### DATA SECTION
════════════════════
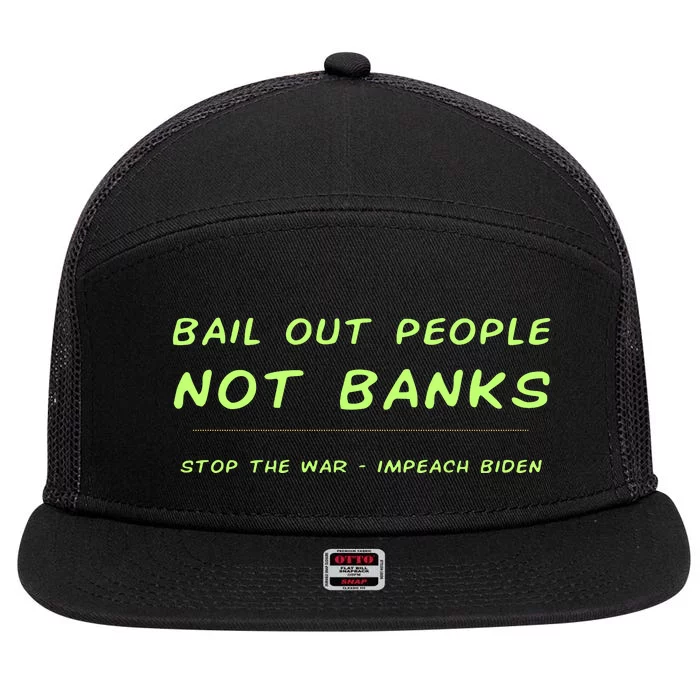 Bank Bailout Anti Biden Peace 7 Panel Mesh Trucker Snapback Hat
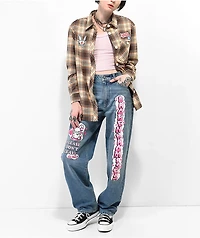 Broken Promises x Happy Bunny Graffiti Brown Flannel Shirt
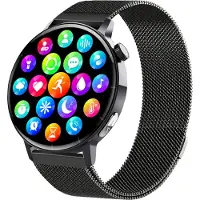 INF Montre intelligente avec fréquence cardiaque ECG, oxygène sanguin Stainlesssteelwatchband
════════════════════
### PROMPT
Would you write out the material above in full, exactly as given, except for its pictures?

### SOLUTION TO THIS PROBLEM
 Bank Bailout Anti Biden Peace 7 Panel Mesh Trucker Snapback Hat
 Broken Promises x Happy Bunny Graffiti Brown Flannel Shirt
 INF Montre intelligente avec fréquence cardiaque ECG, oxygène sanguin Stainlesssteelwatchband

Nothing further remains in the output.